-- Goal of the exercise --
Leave out every line before the one containing "I'm Here Because You Broke Something Mechanic", and set down that line and the rest through the end of the listing exactly.

-- Records for processing --
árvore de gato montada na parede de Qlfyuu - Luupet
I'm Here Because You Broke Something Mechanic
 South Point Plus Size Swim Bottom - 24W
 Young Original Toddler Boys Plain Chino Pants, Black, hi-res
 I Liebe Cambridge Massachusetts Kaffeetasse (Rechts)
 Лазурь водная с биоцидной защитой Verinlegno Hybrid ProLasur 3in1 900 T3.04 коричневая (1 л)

-- Exercise answer --
I'm Here Because You Broke Something Mechanic
 South Point Plus Size Swim Bottom - 24W
 Young Original Toddler Boys Plain Chino Pants, Black, hi-res
 I Liebe Cambridge Massachusetts Kaffeetasse (Rechts)
 Лазурь водная с биоцидной защитой Verinlegno Hybrid ProLasur 3in1 900 T3.04 коричневая (1 л)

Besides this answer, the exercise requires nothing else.